EXERCISE REQUIREMENTS – What you return should be every line below, word for word, and none of the images.

DATA –
Segment Open

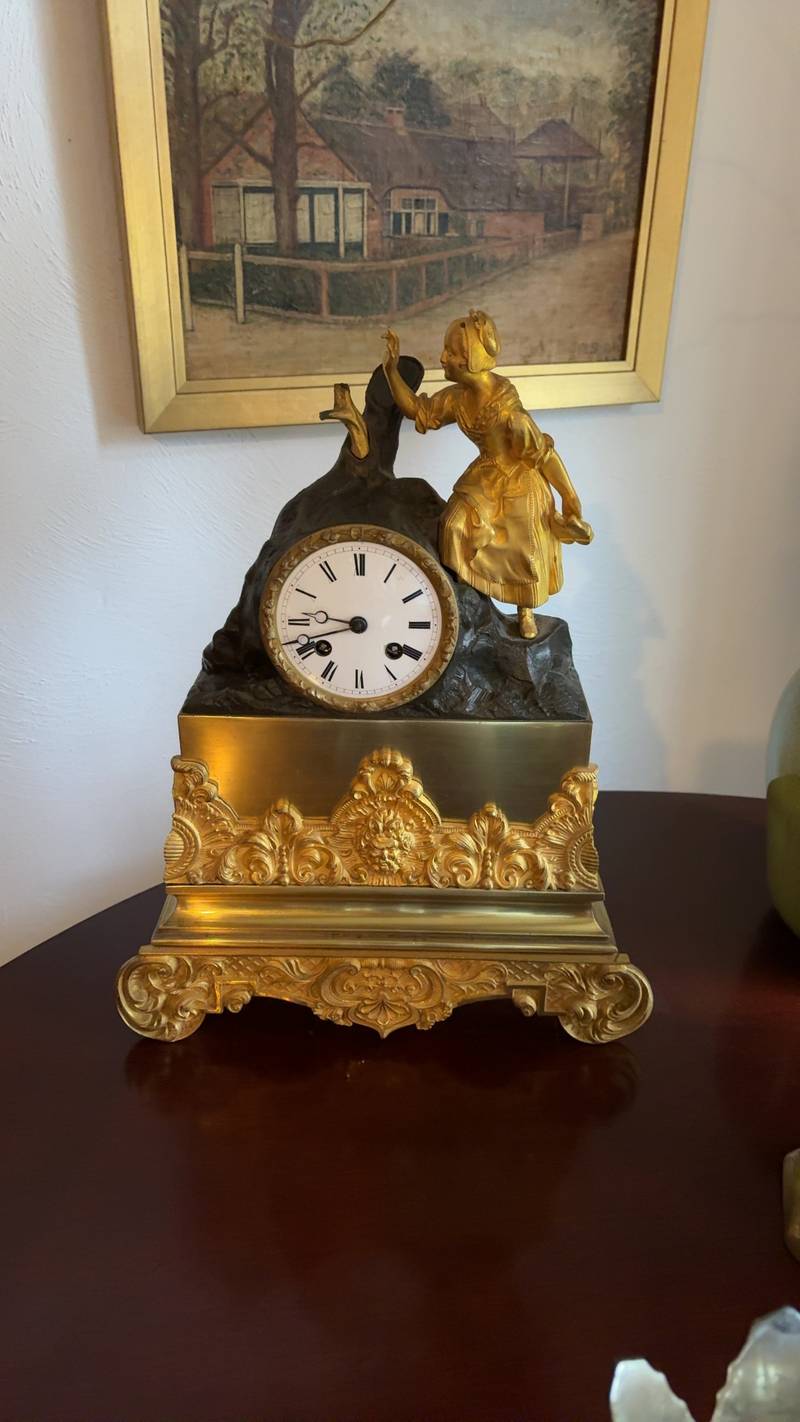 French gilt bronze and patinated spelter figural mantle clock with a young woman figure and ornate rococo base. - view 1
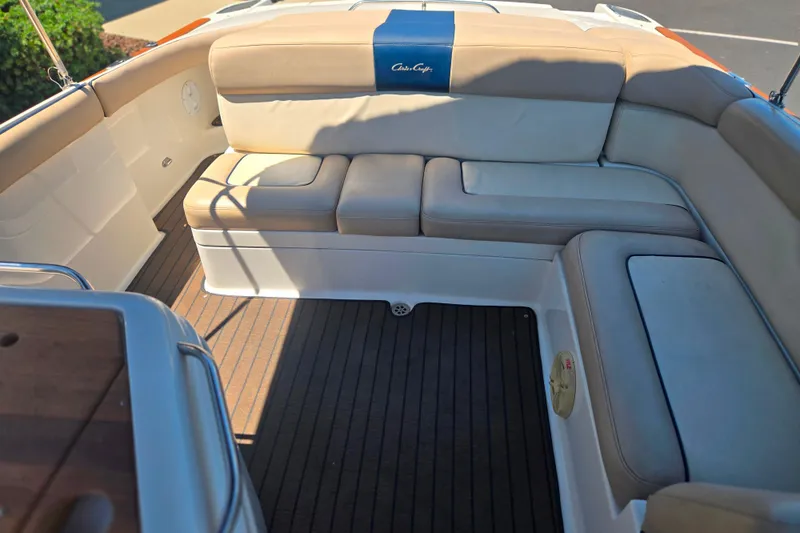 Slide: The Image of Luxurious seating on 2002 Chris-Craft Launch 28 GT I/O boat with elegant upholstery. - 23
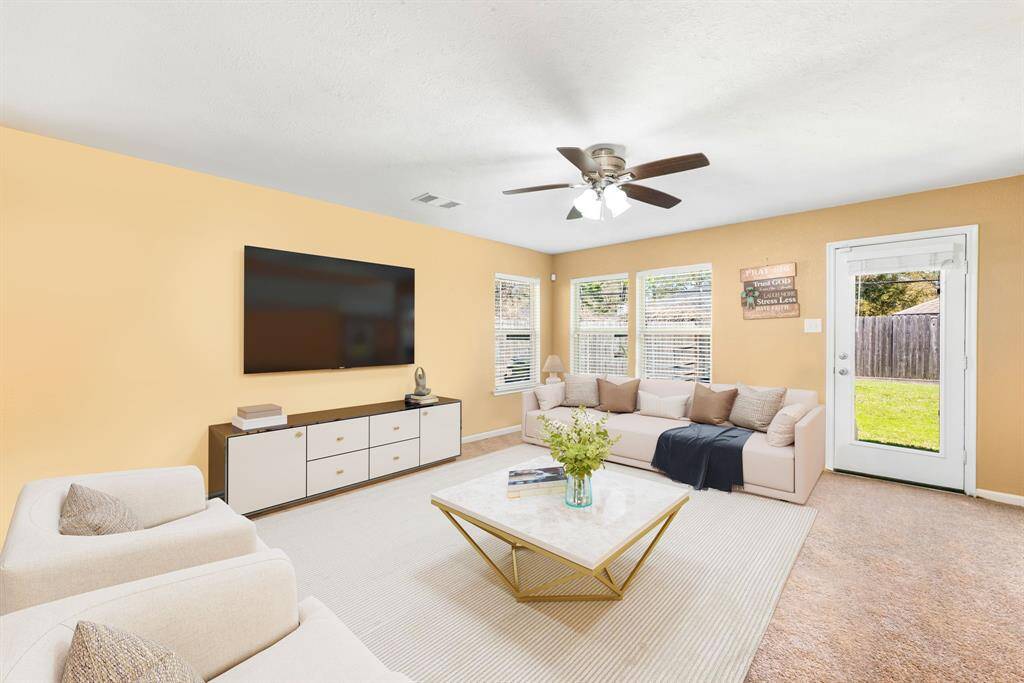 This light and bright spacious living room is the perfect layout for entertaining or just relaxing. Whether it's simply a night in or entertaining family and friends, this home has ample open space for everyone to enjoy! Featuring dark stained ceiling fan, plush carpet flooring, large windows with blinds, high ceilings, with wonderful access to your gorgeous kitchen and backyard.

Segment Closed

RESULT –
 French gilt bronze and patinated spelter figural mantle clock with a young woman figure and ornate rococo base. - view 1
 Slide: The Image of Luxurious seating on 2002 Chris-Craft Launch 28 GT I/O boat with elegant upholstery. - 23
 This light and bright spacious living room is the perfect layout for entertaining or just relaxing. Whether it's simply a night in or entertaining family and friends, this home has ample open space for everyone to enjoy! Featuring dark stained ceiling fan, plush carpet flooring, large windows with blinds, high ceilings, with wonderful access to your gorgeous kitchen and backyard.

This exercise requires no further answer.